Betty G commended the Ethiopian people and Government for hosting a large number of refugees for a long period of time. 

“I’m proud of be a citizen of a country that is willing to always keep its borders open for those in need,” she said. “By becoming a Goodwill Ambassador, I wish to stand behind such incredible acts of hospitality and humanity.” 

In 2019, Ethiopia updated it existing national Refugee Proclamation, making it one of the most progressive in Africa. The new law grants more rights to refugees and asylum-seekers, including the right to work and live outside of camps.

Betty G has witnessed how inclusion of refugees into Ethiopian host communities can benefit both parties.  

In May 2019, she visited Melkadida in the Somali Region where, through the support of the IKEA Foundation, refugees and their Ethiopian hosts live and work together under innovative business schemes that economicallybenefit both communities and strengthens the bond between them. 

She recalled her meeting with a Somali refugee, Musa Yussuf Burey, who hires both refugees and Ethiopians at hisfurniture shop in Melkadida.

“Musa’s business is doing so well that he no longer depends on humanitarian aid,” said Betty G at the time. “By hiring Ethiopians and supplying the local market with furniture, he is positively contributing to the local economy.”

She added that his story challenges the perception that refugees are a burden to their hosts.

She has been a strong advocate of this new, comprehensive approach to refugee situations and has called for more international support to help Ethiopia help refugees and the communities in the different refugee hosting regions.

“I have seen it with my own eyes.
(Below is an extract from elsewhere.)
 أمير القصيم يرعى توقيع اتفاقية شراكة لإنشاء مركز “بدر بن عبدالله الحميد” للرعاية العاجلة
Refugee inclusion can bring benefits to both refugees and their hosts but more investments are needed in these regions,” she said.

Betty G’s father died while she was young and she was raised by a single mother. The experience inspired her to become a fierce advocate for women empowerment and equal rights.
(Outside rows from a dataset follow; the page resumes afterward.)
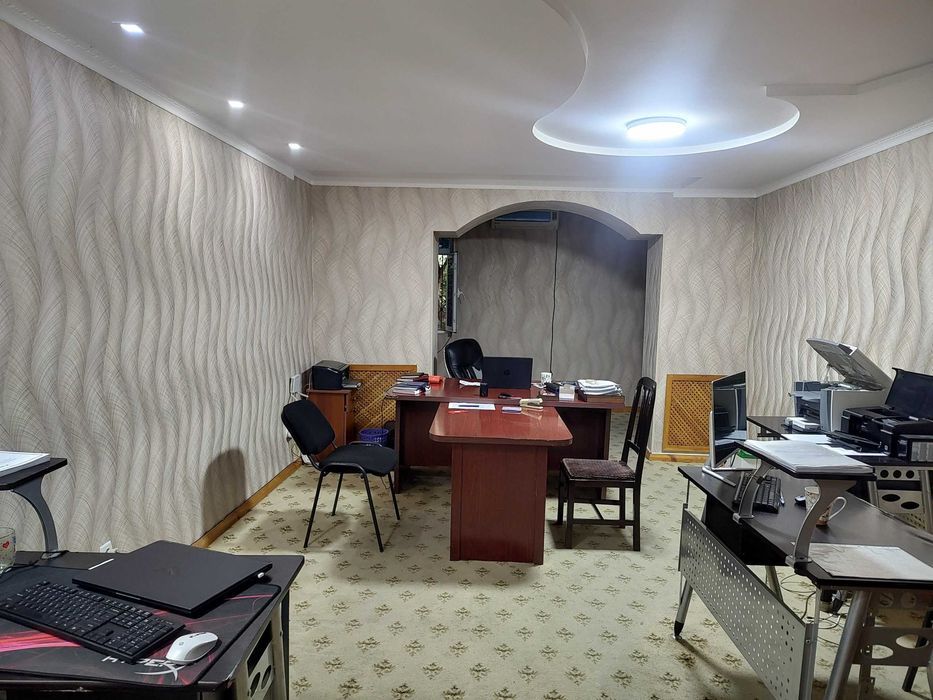 Шахар марказида жойлашган, 1-этаж 2 хонали квартира сотилади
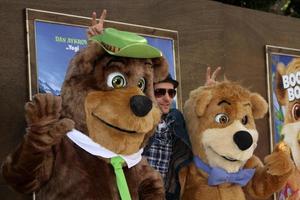 los angeles déc 11 Justin lac de bois arrive à le yogi ours 3d première à le village théâtre sur décembre 11 2010 dans bois de l'ouest Californie photo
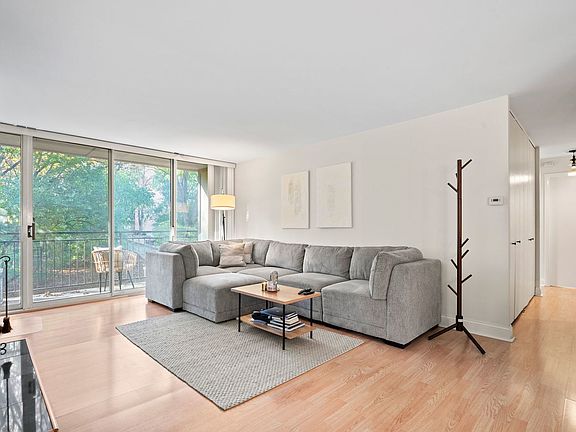 3rd image of 5820 Oakwood Dr Unit 2L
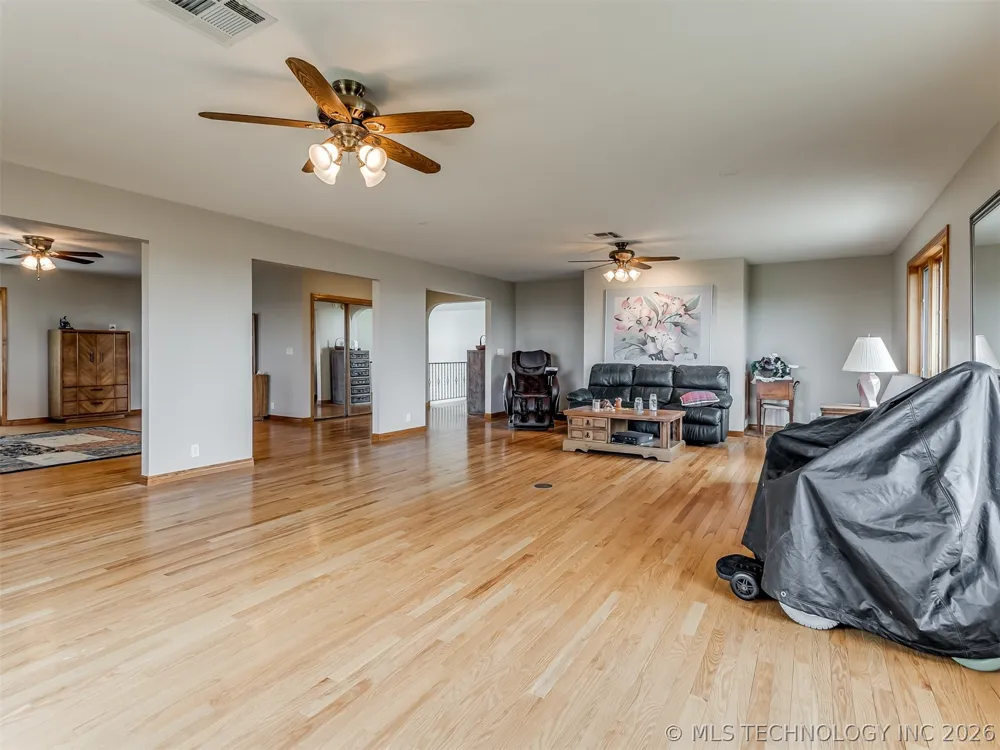 19190 Valley View Lane Catoosa, OK 74015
“I am so proud of my mother, who despite working fulltime, managed to take care of us and ensured we had an education. She is my inspiration and a role model,” she said.

In the Afar Region, Betty G met with women who organized themselves in self-help groups and had small businesses. 

“I was amazed by these women who had been through a lot but still found the courage and strength to learn new skills and find new ways to make a living and help their families have a better future,” she added.

“I will continue to help raise the voices of refugees, particularly women, in Ethiopia and beyond.”

“When women and girls are provided with opportunities, the whole family benefits,” added Betty G who believes that the empowerment of women is vital. 

As a Goodwill Ambassador, Betty G will continue to advocate for support for Ethiopia, which is one of the largest refugee hosting countries in Africa.

“I will continue to help raise the voices of refugees, particularly women, in Ethiopia and beyond,” she said.